I thought that after the meltdown of 2008, we were all going to work as a team. Isn’t that what the G-20, European Union, SEC, FSA, CFTC, FSB and all the other acronymic bodies telling us? Wasn’t a unified policy the way forward? Weren’t we supposed to be avoiding regulatory arbitrage? To quote the great US football coach Vince Lombardi: “What the hell’s going on out here?”

Griping
At the Buy-Side European Summit, representatives from major European buy-side firms griped about the blanket of regulation they are facing.

I thought Dodd–Frank was a headache, but several people I spoke with were under the impression that Dodd–Frank would lose some of its teeth as it goes through the implementation processes with the SEC and CFTC. One panel, made up of representatives from HSBC Global Asset Management, BlackRock, Hermes Fund Managers and Northern Trust, expressed great concern about Solvency II. There were those who were worried that the additional capital adequacy rule proposals would mean less balance-sheet capital available, which could affect liquidity and a number of players in the market.
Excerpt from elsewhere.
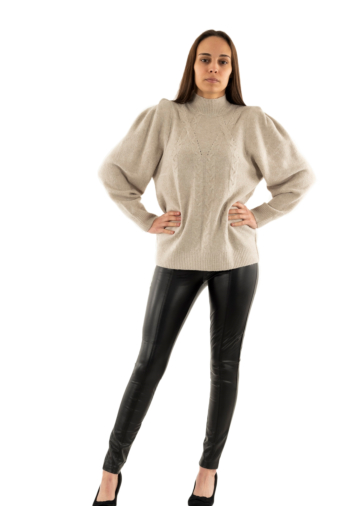 Pull hiver ichi baine 171212 fungi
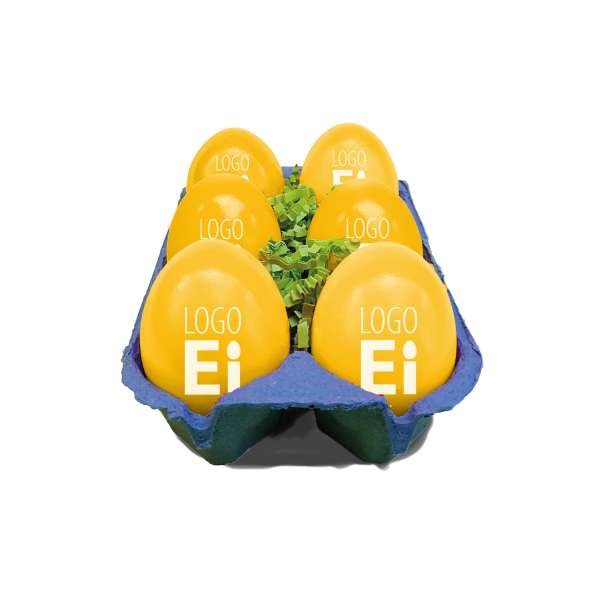 LogoEi 6er-Box blau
And everyone bristled at a “token tax” on all financial transactions.

Vincent Mooijer, investment manager and head of equities trading at Dutch buy-side giant PGGM, was worried about proposals that would require firms to be transparent when it comes to working large bock trades and show their indications of interest (IoI) to other participants. “That gives people too much information about what I am going to do, and they can take advantage of that,” he says. “This will not help a pension fund or asset manager achieve best execution. I think that the transparency that they proposed in Mifid I already caused dark pools and fragmentation of liquidity, and now they want to make everything more transparent—I think it’s going to backfire.”

This may be a bit like howling at the moon, but for the foreseeable future, the regulatory environment will continue to change and exert pressure on financial services firms. As Claes-Henrik Claesson, managing director of Claesson Capital, put it: “Regulatory changes will never end—there will be more regulatory changes and more rapid ones in the future.”

So my message to my loyal buy-side readers back in the States is this: Stop fretting so much because things could be worse—you could be a Europe-based firm.